Why not horns?


I've owned a lot of speakers over the years but I have never experienced anything like the midrange reproduction from my horns. With a frequency response of 300 Hz. up to 14 Khz. from a single distortionless driver, it seems like a no-brainer that everyone would want this performance. Why don't you use horns?
macrojack
Unsound, ALL time coherent designers think/thought this. Vandersteen, Thiel, Johnson, etc.
It is the single measurement that most distinctly shows the output signal as it relates to time. And timing was the paramount issue for all of these guys.
"Another thing that makes the Ohm speakers unique (then and now) is that they are almost a 1-way speaker. The CLS driver handles frequencies from the bass through about 10kHz, at which time they (finally) hand off to a (metal) dome tweeter. In doing so, they remain completely free of all known deleterious effects of crossovers usually located in the all-important midrange. Coherence is the natural by-product of one driver doing most of the talking - or singing as it were. So are phase coherence and time alignment."

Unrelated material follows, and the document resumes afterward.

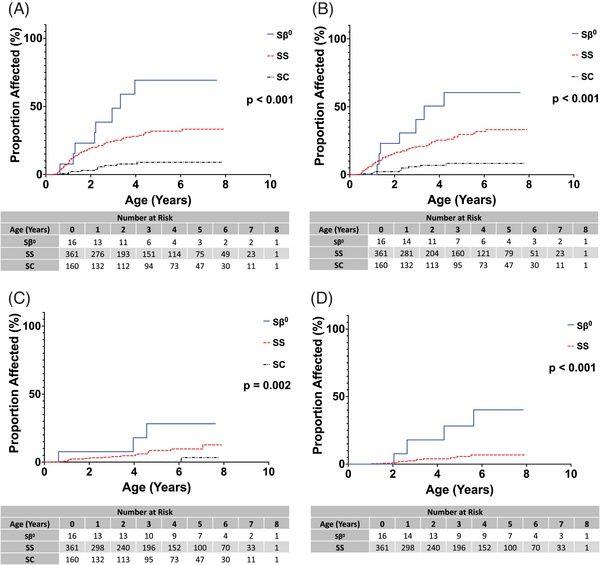 Prevalence of splenic complications stratified by genotype.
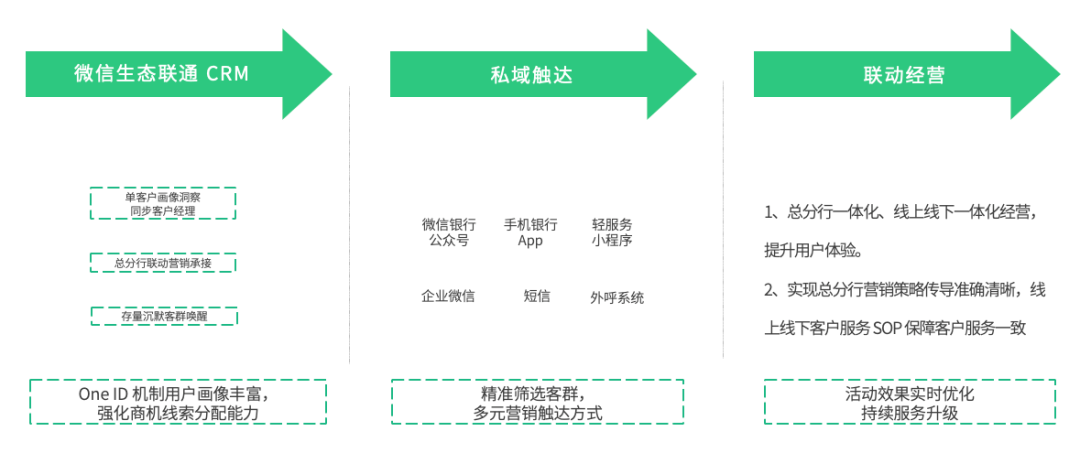 银行业数字化运营体系：渠道触点矩阵建设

This quote from a six moons review of one of the OHM Walsh designs pretty much states the case for the OHM CLS driver achieving a high degree of coherency in that a single driver handles all but the uppermost frequencies. I think this is an established fact regarding the OHM CLSs in that it has been reported in many reviews over the years and never brought into question or challenged at least in any reputable publication I know of.
Also, Macrojack, John Dunlavy was known for claiming that his later Dunlavy Audio Labs speakers were superior to his earlier Duntech designs precisely because the "new" (at the time) MLSSA system gave him the opportunity to measure far more precisely and implement his theories to a greater degree.
This was late '93, early '94.

Anyway, back to horns!!! (didnt want to hijack this thread, haha.)
Mapman, the original Ohms Walsh driver was not a one way speaker, there were different segments. Though it might not have used an electrical cross-over, there were indeed mechanical cross-overs. Still a brilliant idea, that I think might has been improved upon by the German Physiks DDD, which appears to be a single driver. I think we're getting off topic now.
OK, back on topic, German Physiks has a model that attempts to achieve full range with the DDD driver by horn loading it called the Unicorn.

Has anybody ever heard these? I always found a horn loaded Walsh driver to be a quite unique concept.